Consider the following dataframe.
df = pl.DataFrame(data={"col1": range(10)})
┌──────┐
│ col1 │
│ --- │
│ i64 │
╞══════╡
│ 0 │
│ 1 │
│ 2 │
│ 3 │
│ 4 │
│ 5 │
│ 6 │
│ 7 │
│ 8 │
│ 9 │
└──────┘
Let's say I have a list of tuples, where the first value represents the start index and the second value a length value (as used in pl.DataFrame.slice
). This might look like this:
slices = [(1,2), (5,3)]
Now, what's a good way to slice/extract two chunks out of df
, whereby the first slice starts in row 1 and has a length of 2, while the second chunk starts at row 5 and has a length of 3.

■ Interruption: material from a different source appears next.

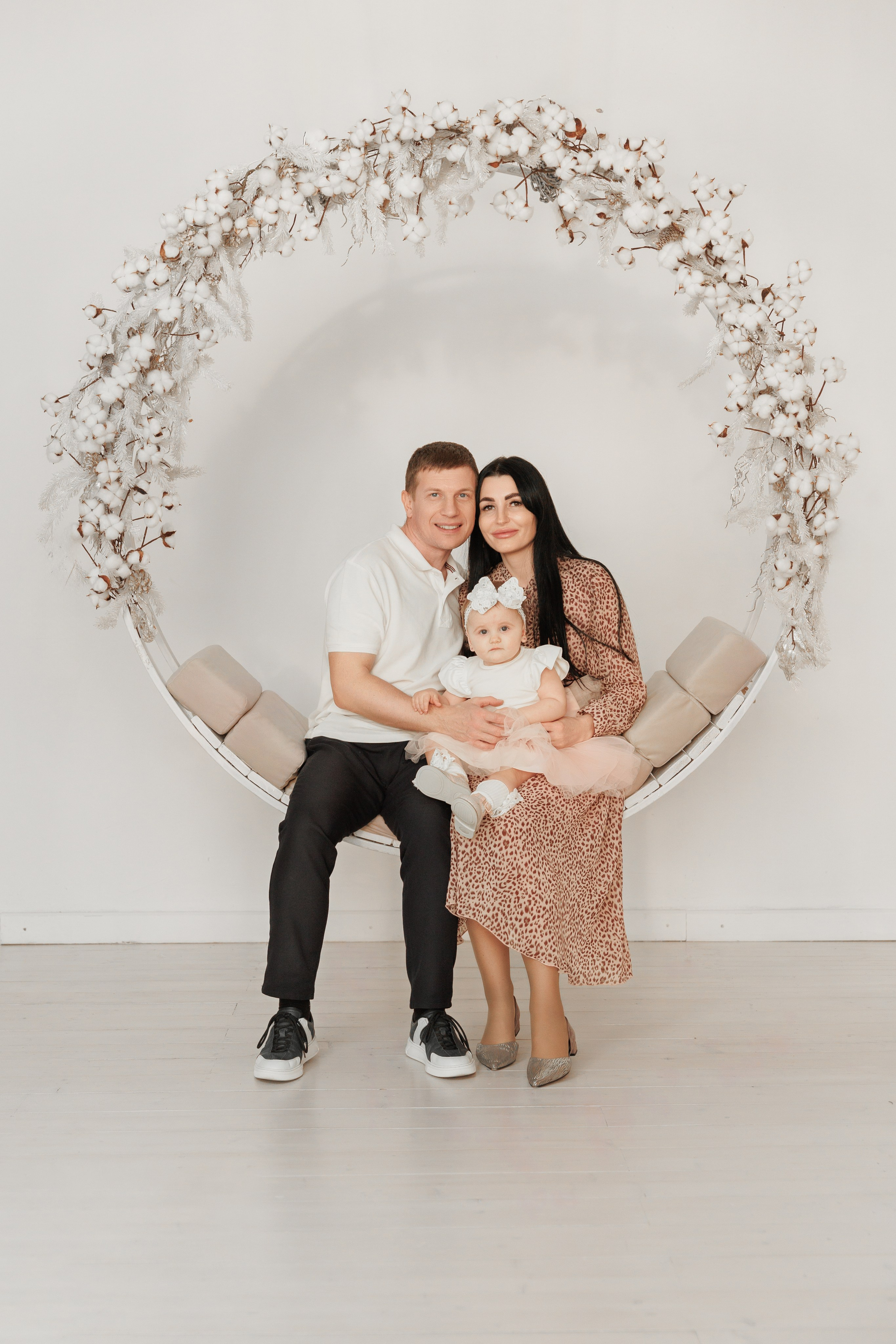 Юля, годовасие дочи. Фотограф женского портрета, беременности и материнства Харькова Елена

Here's what I am looking for:
┌──────┐
│ col1 │
│ --- │
│ i64 │
╞══════╡
│ 1 │
│ 2 │
│ 5 │
│ 6 │
│ 7 │
└──────┘
You could use pl.DataFrame.slice
to obtain each slice separately and then use pl.concat
to concatenate all slices.
pl.concat(df.slice(*slice) for slice in slices)
shape: (5, 1)
┌──────┐
│ col1 │
│ --- │
│ i64 │
╞══════╡
│ 1 │
│ 2 │
│ 5 │
│ 6 │
│ 7 │
└──────┘
Edit. As an attempt for a vectorized approach, you could first use the list of slice parameters to create a dataframe of indices (using pl.int_ranges
and pl.DataFrame.explode
). Afterwards, this dataframe of indices can be used to slice the df
with join.
indices = (
pl.DataFrame(slices, orient="row", schema=["offset", "length"])
.select(
index=pl.int_ranges("offset", pl.col("offset") + pl.col("length"))
)
.explode("index")
)
shape: (5, 1)
┌───────┐
│ index │
│ --- │
│ i64 │
╞═══════╡
│ 1 │
│ 2 │
│ 5 │
│ 6 │
│ 7 │
└───────┘
(
indices
.join(
df,
left_on="index",
right_on=pl.int_range(pl.len()),
how="left",
coalesce=True,
)
.drop("index")
)
shape: (5, 1)
┌──────┐
│ col1 │
│ --- │
│ i64 │
╞══════╡
│ 1 │
│ 2 │
│ 5 │
│ 6 │
│ 7 │
└──────┘